RECORDS FOR THE EXERCISE:
━━━━━━━━━━━━━━━━━━━━━━━━━━━━━━

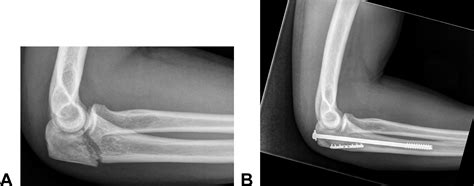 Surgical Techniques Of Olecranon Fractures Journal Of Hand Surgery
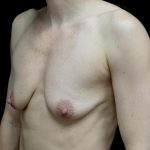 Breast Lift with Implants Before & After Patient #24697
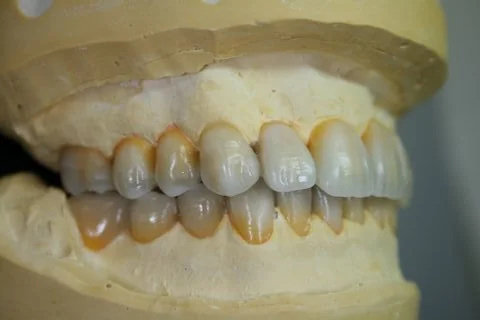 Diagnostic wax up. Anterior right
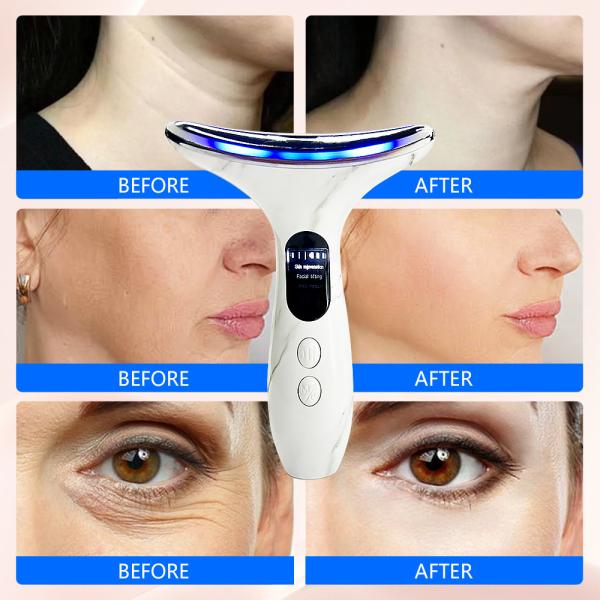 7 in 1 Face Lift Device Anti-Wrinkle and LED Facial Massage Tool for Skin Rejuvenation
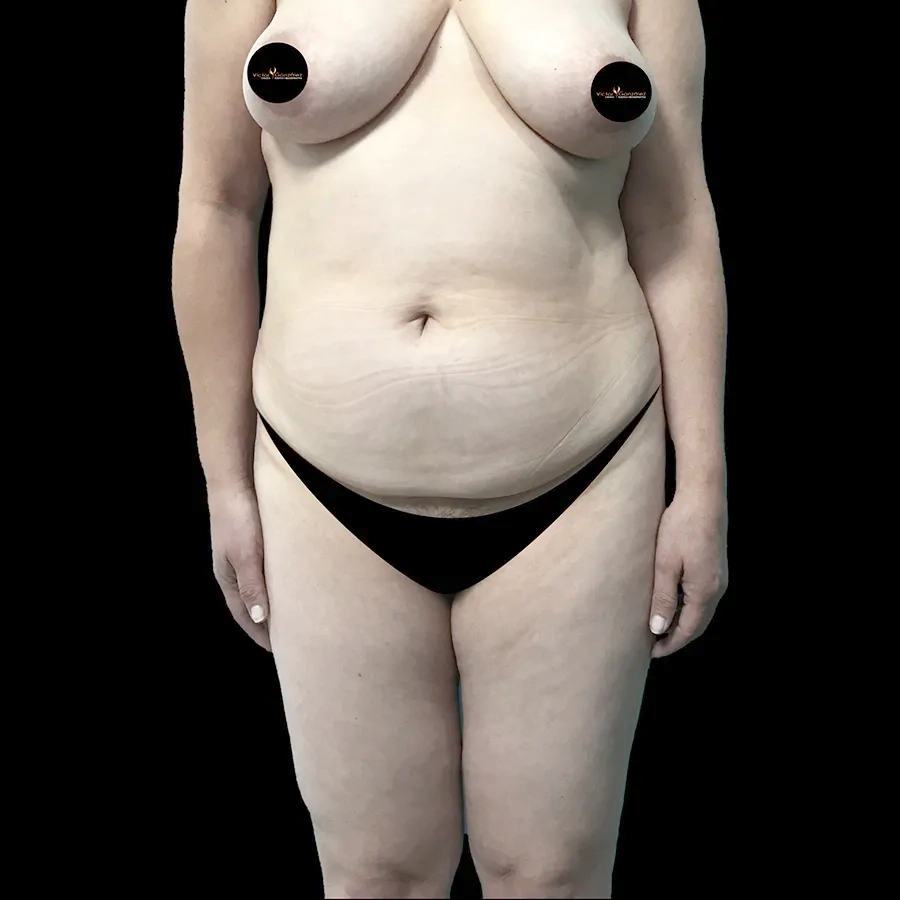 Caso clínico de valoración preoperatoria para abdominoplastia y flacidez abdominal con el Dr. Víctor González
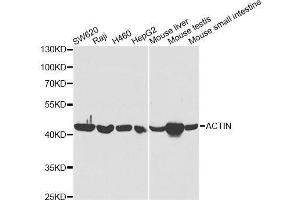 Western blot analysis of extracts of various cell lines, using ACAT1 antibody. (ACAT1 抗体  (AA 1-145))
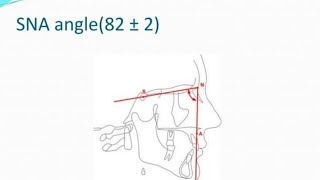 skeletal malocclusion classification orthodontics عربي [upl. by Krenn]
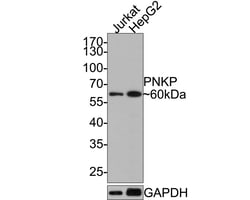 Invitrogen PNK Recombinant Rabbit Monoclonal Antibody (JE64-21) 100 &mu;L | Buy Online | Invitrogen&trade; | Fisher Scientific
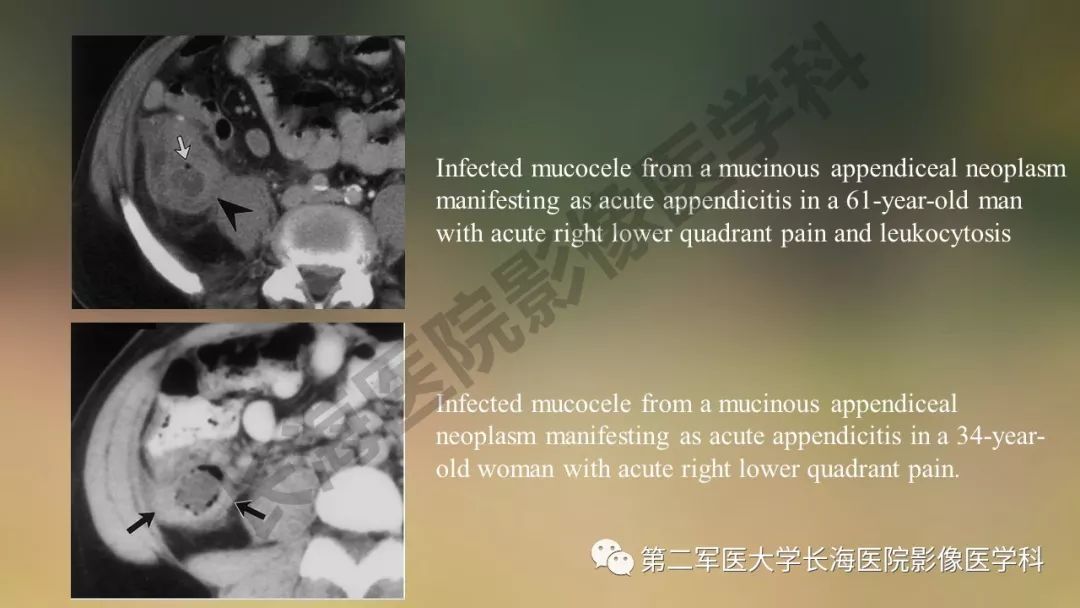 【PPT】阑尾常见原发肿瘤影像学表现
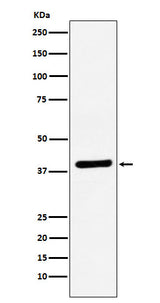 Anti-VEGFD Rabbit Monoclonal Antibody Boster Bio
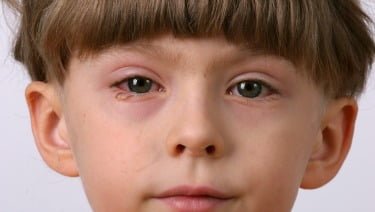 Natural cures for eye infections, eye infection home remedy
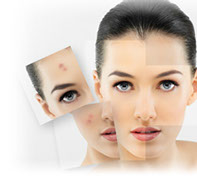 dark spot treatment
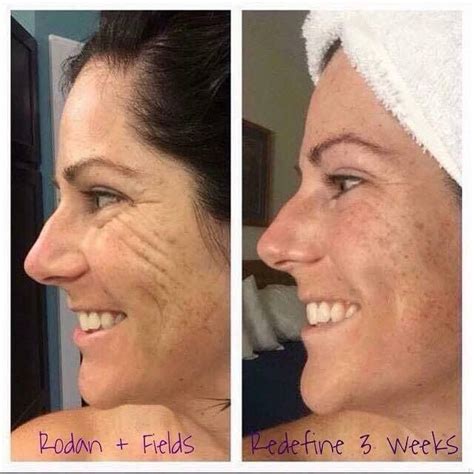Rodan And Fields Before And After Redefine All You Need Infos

━━━━━━━━━━━━━━━━━━━━━━━━━━━━━━

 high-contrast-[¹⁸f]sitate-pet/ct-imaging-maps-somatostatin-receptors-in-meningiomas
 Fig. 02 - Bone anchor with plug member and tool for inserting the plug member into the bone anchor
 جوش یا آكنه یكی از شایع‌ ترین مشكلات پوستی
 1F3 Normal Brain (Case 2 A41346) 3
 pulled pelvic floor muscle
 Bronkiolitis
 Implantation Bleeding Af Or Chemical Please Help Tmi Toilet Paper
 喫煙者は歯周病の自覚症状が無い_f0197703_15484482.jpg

━━━━━━━━━━━━━━━━━━━━━━━━━━━━━━

INSTRUCTIONS TO FOLLOW: In the data above, find the line with "7 in 1 Face" and the line with "Western blot analysis". Please copy exactly those two lines and every line between them, but not the pictures.

WRITTEN SOLUTION:
 7 in 1 Face Lift Device Anti-Wrinkle and LED Facial Massage Tool for Skin Rejuvenation
 Caso clínico de valoración preoperatoria para abdominoplastia y flacidez abdominal con el Dr. Víctor González
 Western blot analysis of extracts of various cell lines, using ACAT1 antibody. (ACAT1 抗体  (AA 1-145))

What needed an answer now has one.